Wednesday, October 17, 2018
Marshall Gilkes and the WDR Big Band's Always Forward
"I've never been a huge fan of those purists that think jazz stopped after 1960."
That's why trombonist and composer Marshall Gilkes has named his latest album Always Forward, to push the idea that big band needs to evolve just as much as it needs to honor traditions. He's enlisted the help of the Germany-based WDR Big Band, which I've previously reviewed in the Zoho Records release Rediscovering Ellington. While I was floored by the WDR's precision and grace, I was less impressed with the overall sound quality of the release--a rare occurrence for the otherwise excellent Zoho.
Always Forward is on a different label, Alternate Side Records, and this is a whole new ball game (sorry, but it's the MLB playoffs right now). My first reaction to hearing this big band play Gilkes' stunning original compositions is how wonderful it all sounds, especially from the point of view of an audiophile. Big band jazz can sound fantastic, of course, but if you don't have huge speakers and a big room you can lose the illusion of a BIG BAND, if you know what I mean. Gilkes and the WDR are so seamlessly joined together that the music, whether dynamic or intimate, is incredibly cohesive and easy to absorb. The best way to describe the sound of Always Forward is that you are swept up in its ocean of sound, as opposed to being constantly jolted by the obligatory crescendos from the horn section.
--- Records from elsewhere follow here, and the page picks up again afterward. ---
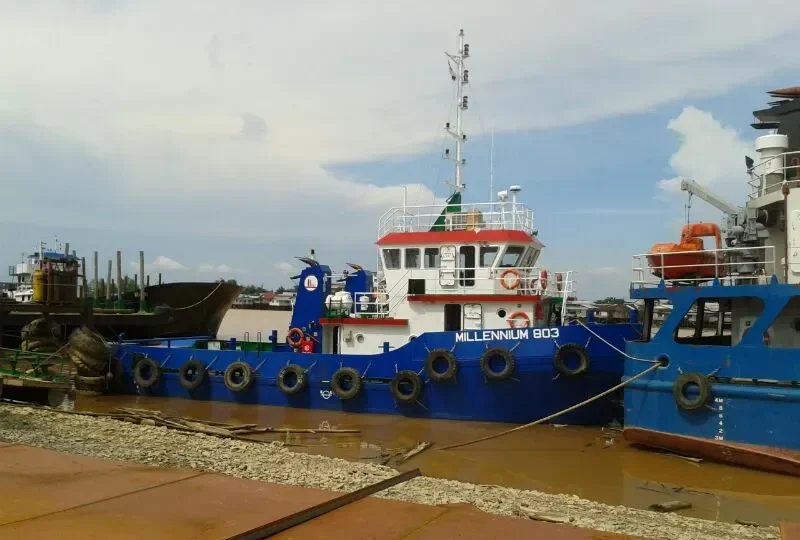 MILLENNIUM 803 General Cargo IMO 9677909 photo 3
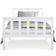 Vesgantti Solid Pine Wooden 90x190cm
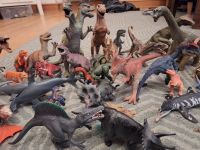 Set Konvolut Dino Dinos davon 7 Schleich Leipzig - Knautkleeberg-Knauthain Vorschau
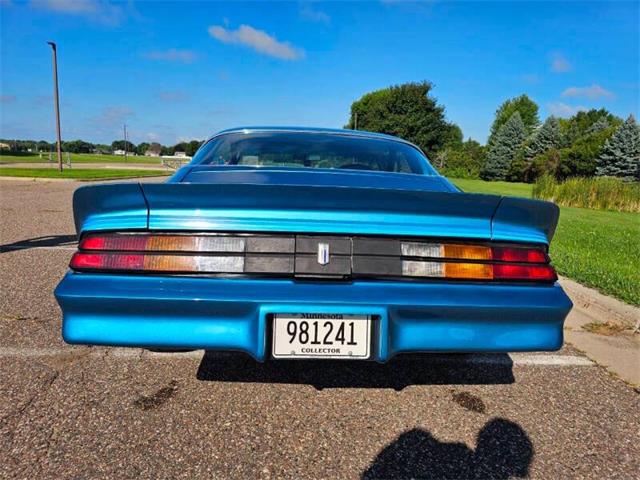 1978 Chevrolet Camaro IROC Z28 (CC-2093457) for sale in Waconia, Minnesota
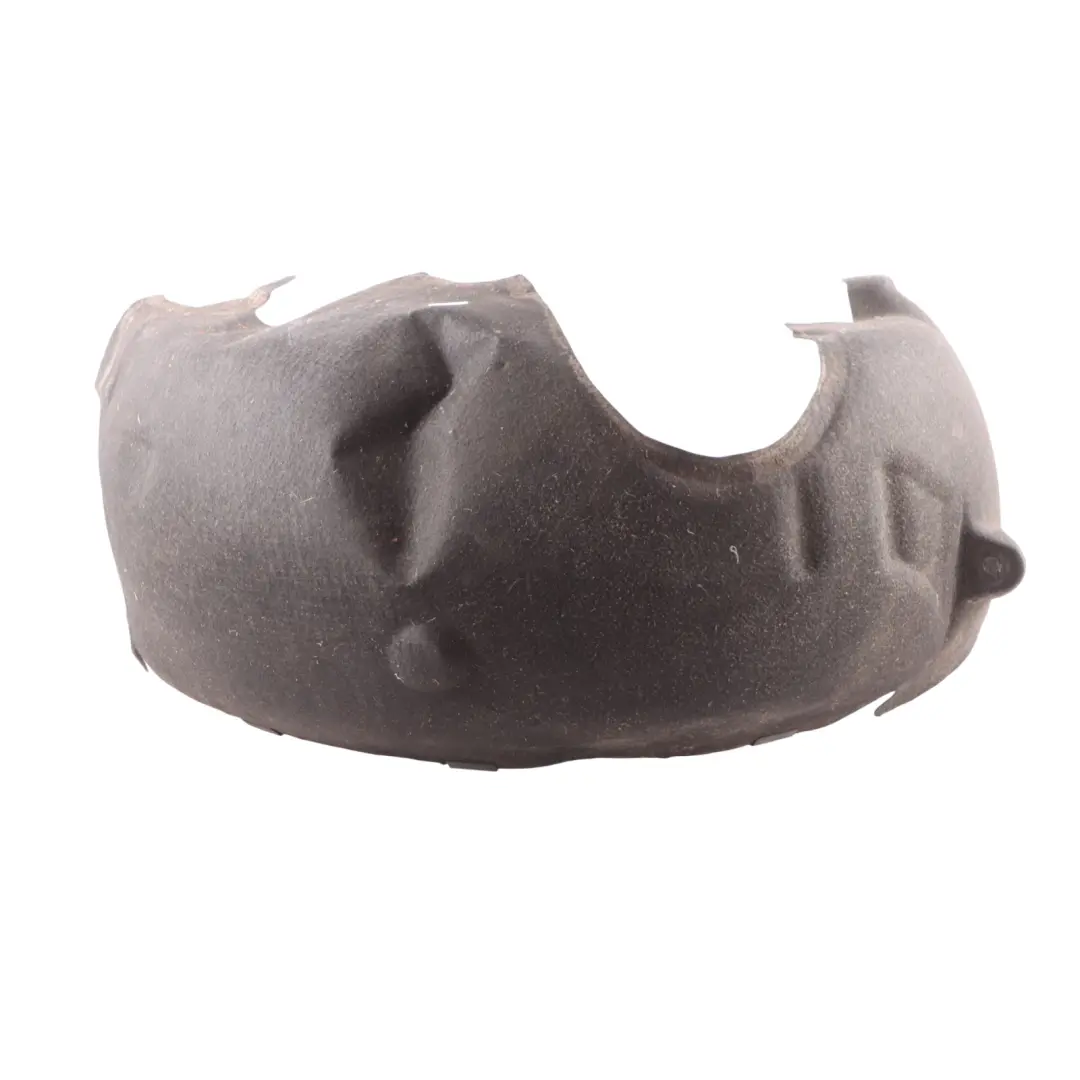 Mercedes W221 Paraspruzzi Posteriore Interno Paracarro Sinistro - SKU A2216900930 - Numero di parte A2216900930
The superb sound quality of this recording is the key to this sense of unity. It helps that Gilkes' music is beautiful and lush, particularly by big band standards, but my current test for the fidelity of these recordings is whether or not intimate moments can be conveyed with the same honesty and realism as those maximum-impact blasts. Gilkes' trombone, for instance, is a marvel in the way it can sound so soft and fluid and full of emotion when it's isolated from WDR. His horn just floats easily in space, a few feet off the floor, backed by all those other musicians on the stage who know it's better to let this man blow his beautiful horn without a lot of fanfare or artificial excitement.
In this way, Always Forward is revolutionary. It takes careful listening to determine what makes a big band recording unique and worthwhile, but here the excellence is nebulous since it all feels so right. There's a flow, a sublime feeling of perfection that comes from this album which is created through the synergy of a trombone, a big band, and a man who knows how to bring it all together without succumbing to the temptations of too big of a presentation. If that's the future of big band jazz, I'm all for it.